# Work task:
Copy, please, the line with "a white building" and each line that follows it through the end of the data below, exactly as given and without pictures.

*** Materials provided Section Begins ***

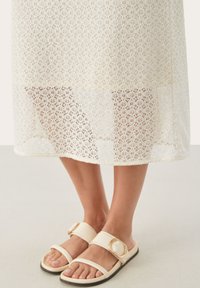 Robe en dentelle blanche avec des motifs floraux élaborés, associée à des sandales beige à large bride et détail de boucle circulaire.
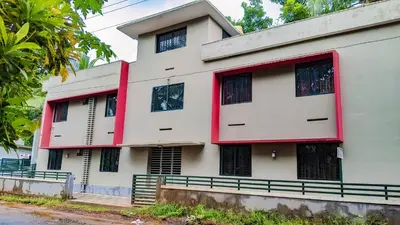 a white building with red trim at Shangri-laa hotel apartments in Tāzhekkod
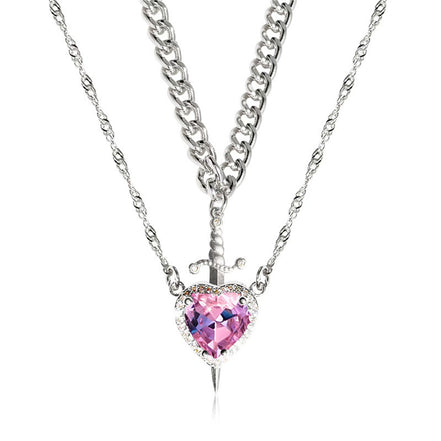 A red heart-shaped cross heart necklace with a chain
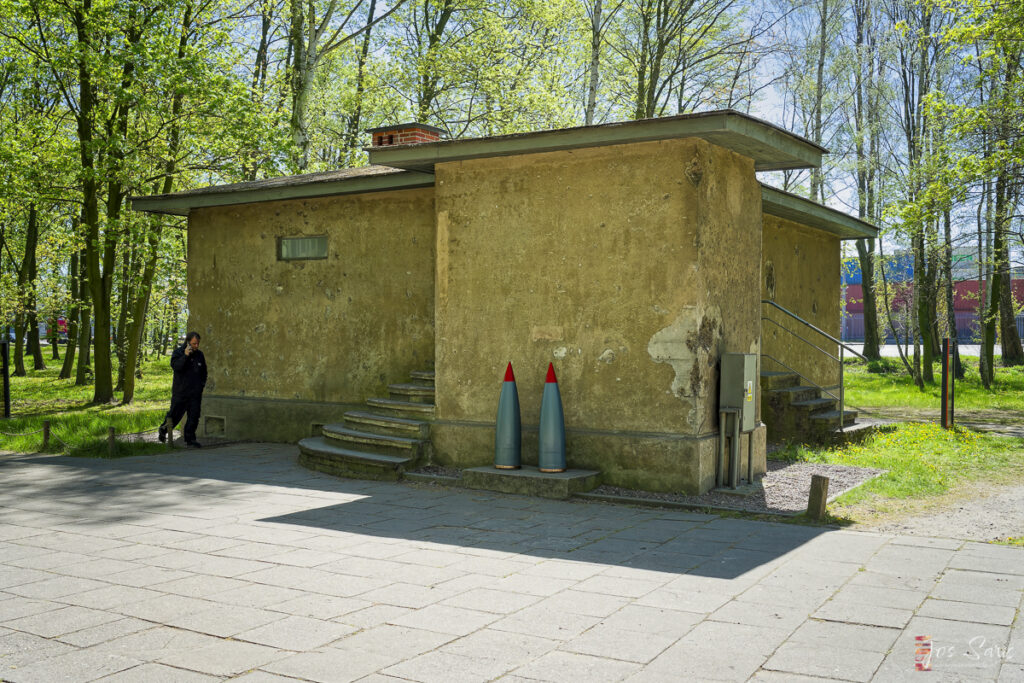 a building with a couple of rockets in front of it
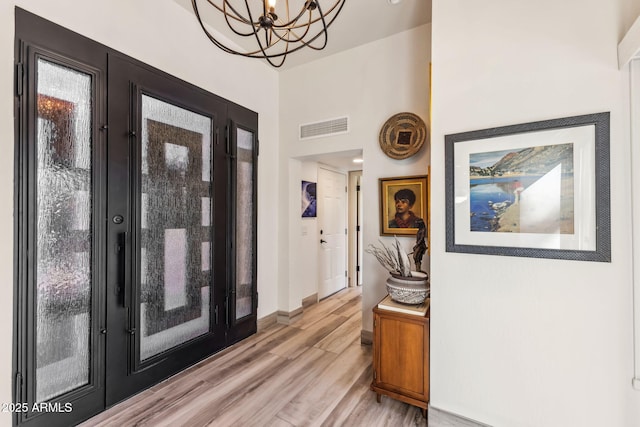 foyer entrance with a notable chandelier and light wood-type flooring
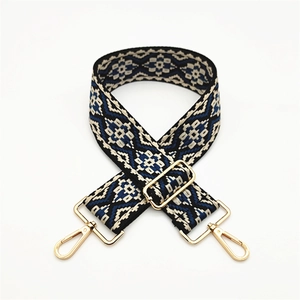 Detail of adjustable ethnic geometric pattern strap with golden metal lobster clasps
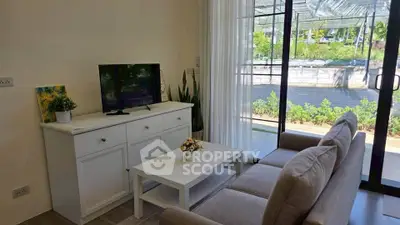 Charming living room with modern decor and garden view, perfect for relaxation and entertainment.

*** Materials provided Section Ends ***

# Completed exercise:
 a white building with red trim at Shangri-laa hotel apartments in Tāzhekkod
 A red heart-shaped cross heart necklace with a chain
 a building with a couple of rockets in front of it
 foyer entrance with a notable chandelier and light wood-type flooring
 Detail of adjustable ethnic geometric pattern strap with golden metal lobster clasps
 Charming living room with modern decor and garden view, perfect for relaxation and entertainment.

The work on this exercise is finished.